I couldn’t believe what I was seeing, and then, of course, the cartoon that came out right after that only added gasoline to the fire. I just loved He-Man and I loved all the genre stories. I love Star Wars. I love Star Trek. I love Marvel comics, DC comics, you name it.

I started a career in writing and producing for animation based in New York, and I was writing for shows like Ninja Turtles and others. Then Mattel recruited me to come inside the company to help them develop all kinds of new storylines for some of their great properties. Hopefully, I will bring them to life in all kinds of mediums, including the medium I know best, which is television.

Interview With Masters Of The Universe Executive Producer Rob David Ninja Turtles

Picture: The beloved TMNT cartoon from the 80s Rob David worked on – Nickelodeon Network

So, I’ve been lucky enough to write the DC He-Man comic books for many years. I was lucky to develop, executive produce, and show-run the CG animated He-Man and the Masters of the Universe that came out on Netflix just a few years back. And then also executive produced Masters of the Universe Revelation and Revolution alongside Kevin Smith, the showrunner. And it’s been a blast. I love it. I’m having too much fun at work. I try to stay cool and act professional, but inside I’m just completely geeking out.

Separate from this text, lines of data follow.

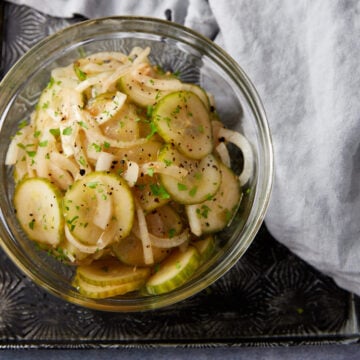 A cucumber vinegar salad in a glass bowl.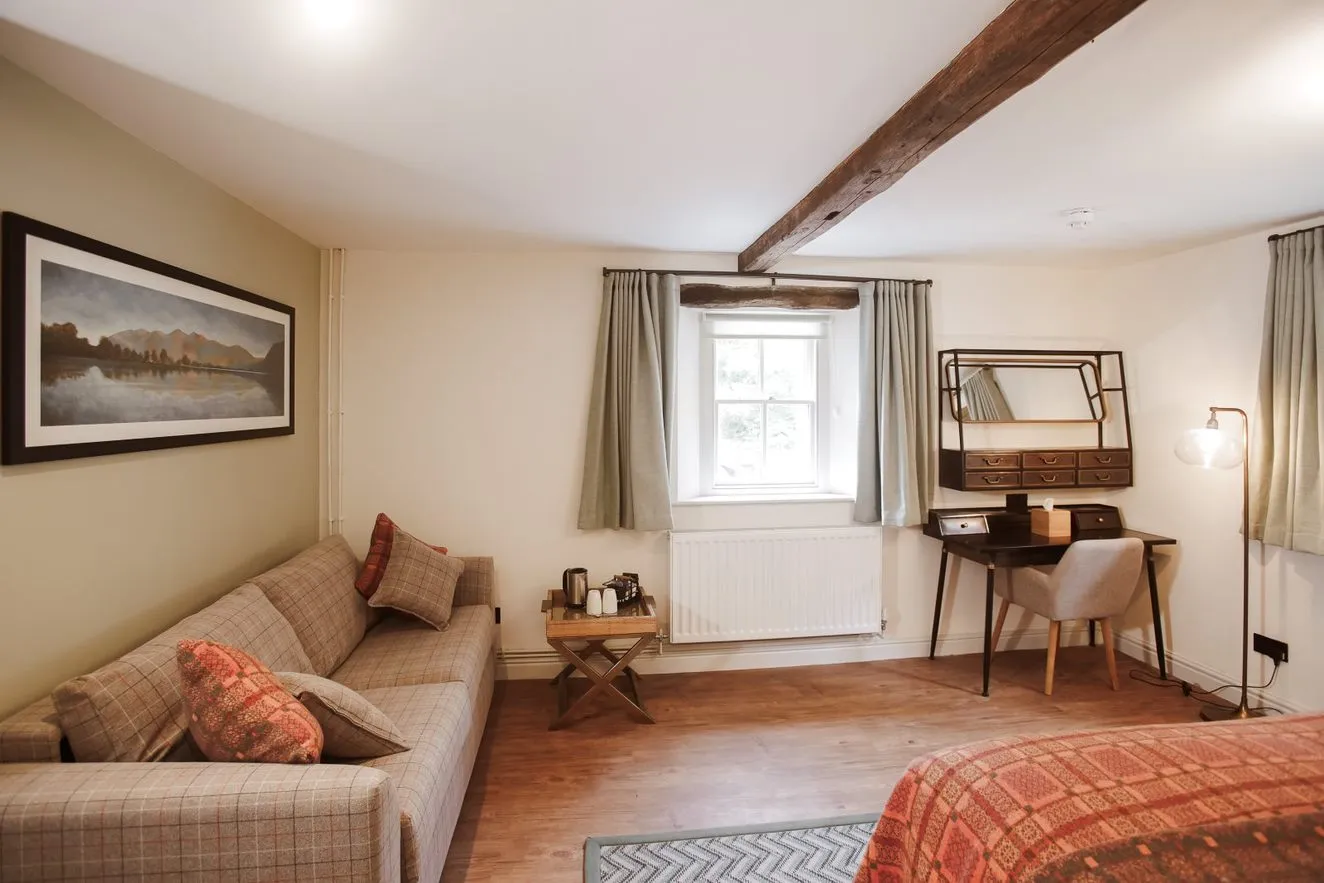 Cosy bedroom with a checked sofa, writing desk, exposed wooden beams and patterned bedspread.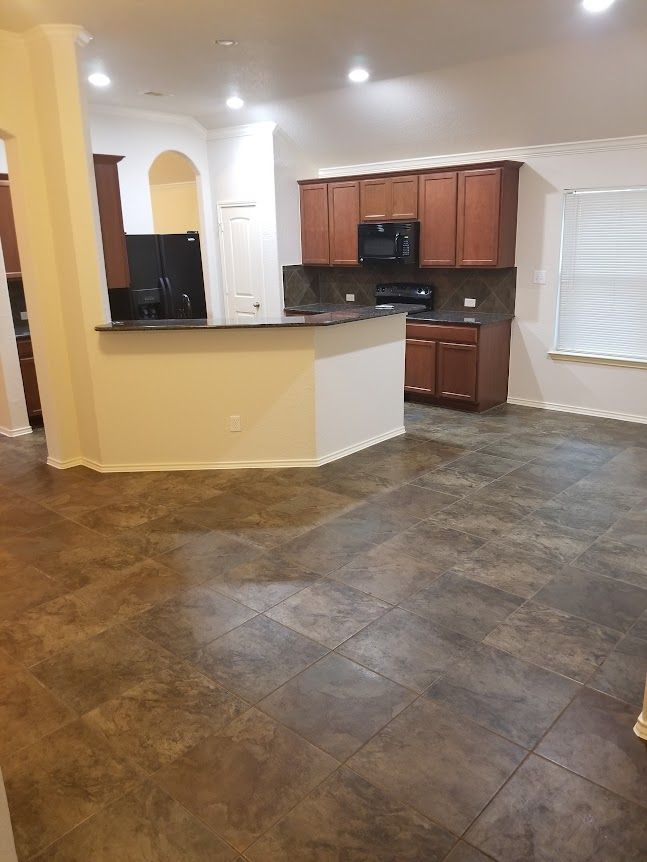 A kitchen with wooden cabinets and a tile floor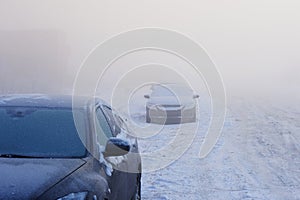 Cars covered with snow and hoar-frost standing on the roadside. all white,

It took 17 years for a new Masters of the Universe series. Why was that?

Rob: Who’s counting? Masters of the Universe is never far from the heart of many people who grew up on it. And I know it’s definitely never far away from the hearts and minds of people at Mattel, either. I think the timing for our new shows and new content is because of a few things.  In many ways, there’s never been a better time to bring back this classic that we all grew up with because the fans who knew it during the day in the eighties still love it.

Now, many of them have their own kids and families. So there’s this perfect opportunity to have this become a family and generational event, which is exciting for Mattel and others. Also, Mattel has been in the midst of an amazing transformation from being a toy company, or just a toy company, which is amazing because Mattel makes the best toys out there, and who doesn’t love toys? It’s the reason why we’re all here.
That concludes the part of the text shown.